Aux Etats Unis, l’esclavage se conjugue au présent

Par Sharon Zhang, traduction par Jocelyne Le Boulicaut

mardi 27 février 2024, par JMT

AID soutient financièrement le très intéressant site "Les-crises.fr" depuis plusieurs années. Nous avons fait un pas de plus en participant aux traductions des textes anglais quand le site fait appel à la solidarité de ses adhérents. Nous avons donc mandaté une de nos adhérentes, Jocelyne LE BOULICAUT, enseignante universitaire d’anglais retraitée, pour y participer en notre nom et nous indemnisons son temps passé avec notre monnaie interne

Aux Etats Unis, l’esclavage se conjugue au présent

Le 30 janvier 2024 par Sharon Zhang , TRUTHOUT

Sharon Zhang est rédactrice à Truthout et ses sujets de prédilection sont la politique, le climat et l’emploi. Avant de rejoindre Truthout, Sharon a écrit des articles pour Pacific Standard, The New Republic, etc. Elle est titulaire d’un master en études environnementales. On peut la suivre sur Twitter : @zhang_sharon.

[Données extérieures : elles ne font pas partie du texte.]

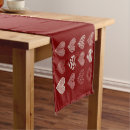 Search for valentines day table runners Funny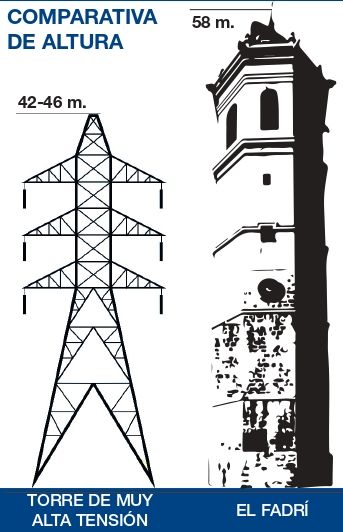 Comparativa de altura entre las torres proyectadas en la MAT y el Fadrí de Castelló.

Une équipe de travail de femmes détenues sous surveillance dans une prison remplit des sacs de sable en prévision de l’arrivée de l’ouragan Dorian en Floride, le 29 août 2019 (Paul Hennessy / Sopa Images / Lightrocket Via Getty Images)

« L’esclavage n’est pas aboli », a déclaré une ancienne détenue qui milite aujourd’hui contre le travail forcé dans les prisons. Une nouvelle enquête de grande envergure a révélé que le travail forcé dans les prisons alimente les chaînes d’approvisionnement d’un large éventail d’entreprises agroalimentaires, allant des petites marques locales et des restaurants aux grands conglomérats tels que Tyson, Coca-Cola et Kroger.

L’enquête de l’Associated Press qui a duré deux ans et a été publiée lundi (29 janvier 2024), révèle que le recours généralisé à la maltraitance des travailleurs carcéraux est devenu une industrie pesant plusieurs milliards de dollars, grâce à des partenariats entre les prisons, les entreprises et les législateurs.

Alors que les prisonniers, souvent contraints de travailler, ne gagnent que quelques centimes, voire rien du tout, tout en subissant des violences physiques et psychologiques, les États, les prisons et les entreprises engrangent des dizaines de millions de dollars de bénéfices.

Les journalistes ont passé au crible les demandes d’informations publiques dans les 50 États et ont suivi près de 200 millions de dollars de marchandises et de bétail, de la récolte à la vente, au cours des six dernières années, en suivant parfois au sens propre du terme les camionnettes depuis les chantiers où travaillent les prisonniers jusqu’au lieu de livraison des marchandises.

Des entretiens avec des prisonniers tant actuels qu’anciens ont révélé qu’ils étaient soumis à des conditions épouvantables dans le seul but de permettre aux marques qui les ont embauchés ou aux États qui les ont emprisonnés de réaliser des bénéfices.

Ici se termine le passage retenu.